Sioux Falls natives Jon Oppold and his wife, Katy, used to walk their French Bulldog, Sunny, in the neighborhood between Augustana University and the University of Sioux Falls, an area they lived in for many years. When a former laundromat on 26th street and Minnesota Avenue became vacant, turning the building into a neighborhood pizza joint was a natural next step for the entrepreneurial couple.

“College students don’t always have a ton to do,” said Oppold. “We wanted to create a place for community here, where people could just come, hang out, and eat pizza.” 

Oppold quit his job in marketing to open the pizzeria late last year, but he didn’t leave creative strategy behind when he entered the restaurant business full-time. Instead Oppold took inspiration from those walks with Sunny as a way to brand his new business—naming it Sunny’s Pizzeria—and using memed images of the dog to create a following on social media. 

“It was just kind of a fun, quirky way to do things,” said Oppold. 

But “jowl-dropping pizza” is more than just a good catchphrase for Sunny’s—it’s a descriptor Oppold says extends to the pizzas he and his staff serve on a daily basis. 

Sunny’s specializes in thin-crust pizza that can be done and ready to serve in three minutes using a ventless oven. Pizzas are cooked to taste and made to order, giving customers the freedom to tweak the pizzeria’s house specialties or come up with their own creations. 

A Few of Sunny’s Faves

BBQ sauce, sharp cheddar, chicken, mushrooms, onions, jalapeños, and ranch drizzle.

Buffalo sauce, pepperjack, macaroni, chicken, jalapeños, bread crumbs, and ranch drizzle. 

Alfredo, mozzarella, ham, bacon, jalapeños, pineapple, and sriracha drizzle. 

Sunny’s sauce, mozzarella, pepperoni, pepperoni pizza rolls, and sriracha drizzle. 

Alfredo, mozzarella, sharp cheddar, hamburger, lettuce, tomatoes, green peppers, onions, and taco sauce drizzle. 

Whole-grain mustard, mozzarella, ham, bacon, and pickles. 

Whole-grain mustard, mozzarella, sausage, hamburger, and banana peppers. 

But while customization is always a draw, patrons at Sunny’s don’t have to look much further than the joint’s specialty pizzas, or Sunny’s Faves, to find something out of the norm. 

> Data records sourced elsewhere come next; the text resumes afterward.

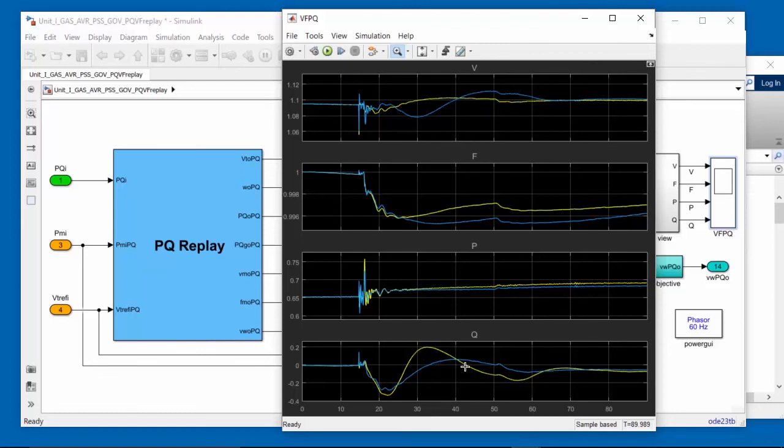We see there's still some dynamic changes there. The time constants aren't quite right. We're off on gain as well. At this point, we could do some further manual iteration to gain some further insights onto which are the main parameters which need to be changed to bring the simulated response closer to the measured response.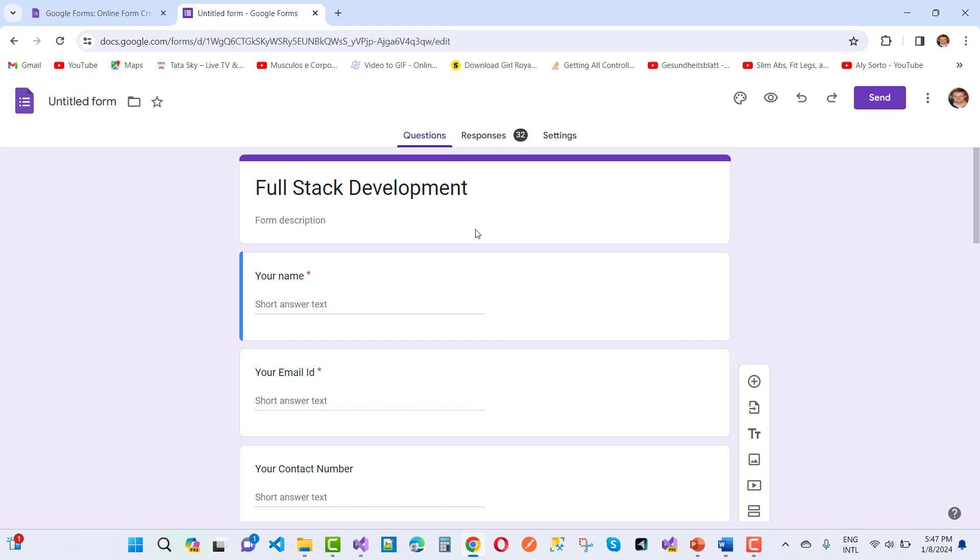Now your membership will start, and you get your full stack development course day by day. Thank you guys for watching this video and keep watching all of the videos which are related to ASP.NET Core. Bye-bye.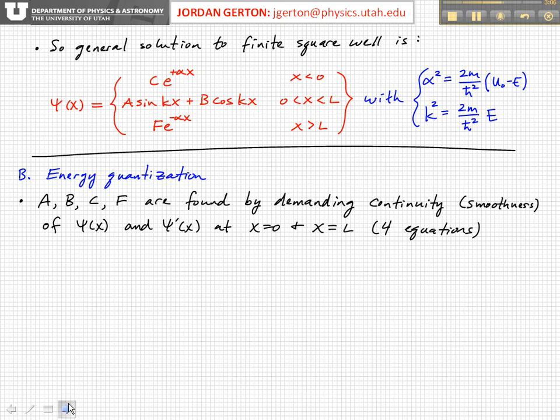Because the potential is not infinite at the boundaries, we also need the derivative of the wave function — its slope — to also be continuous at x equals 0. That gives another two equations. So we have four equations and four unknowns, and that will allow us, in principle, to solve for a, b, c, and f — and actually that will give us the conditions which lead to quantization of the energy.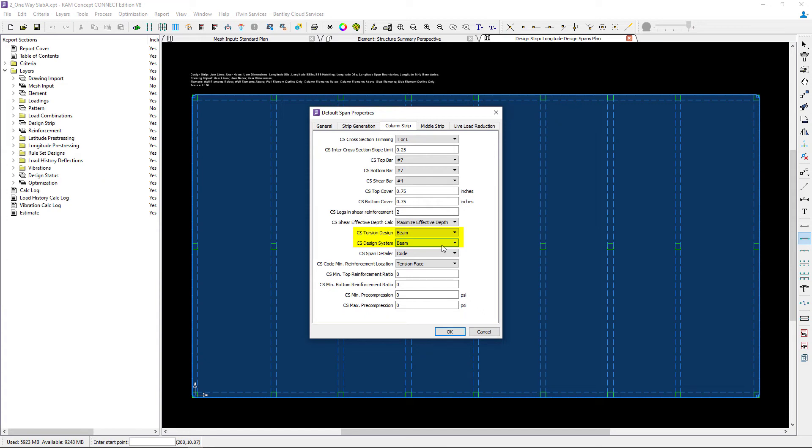In addition to that, for the design system I'm also going to select beam for the column strip. Note that the minimum reinforcement and other roles will be dependent upon the type of design system that is used in the span.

Options like The Augie Blues, Cougar Meat, and the Sodak Chicken dot the menu, pointing both to Oppold’s love for the local and penchant for the unique. All three of the previous pizzas use a different sauce (alfredo, Sunny’s Sauce, and buffalo sauce, respectively), and a variety of other ingredients—everything from jalapeños and bread crumbs to mushrooms and celery—to serve up something that’s a far cry from a traditional pepperoni and cheese. 

“We started off with these specialty pizzas that are our own recipes and expanded from there,” said Oppold. “Some of people’s favorites so far have been our bacon cheeseburger pizza with pickles and our pepperoni pizza with pepperoni pizza rolls on it instead of just pepperoni slices.” 

Oppold’s love for local staples like the two colleges Sunny’s is situated between, doesn’t just stop at pizza names, though. Pretty much everything—down to the Stensland Family Farms cheese piled on top of each pie—is homegrown. 

“I’m most excited about this becoming a local staple in the neighborhood. I want people to have fun when they come here, and I want to keep it a little quirky.”

“We have four taps in here,” said Oppold, “and all the kegs are brewed in Sioux Falls. This is a small place, and as a Sioux Falls native it was important to me to have that community feel within the space. We’re doing all local as much as we can.” 

And what’s more local than neighborhood-wide trivia nights, college game watch parties, or speed puzzle contests? Not much. Sunny’s plans to do it all and more to cater to not only their college student audience, but also anyone who simply wants to go someplace different, try something new, and meet people who live across the street or even across town. 

“A big part of Sunny’s isn’t just the pizza, it’s bringing people in and having fun events that give them a chance to hang out,” said Oppold. “We’re really just about keeping it simple here. We’re a neighborhood pizza place.”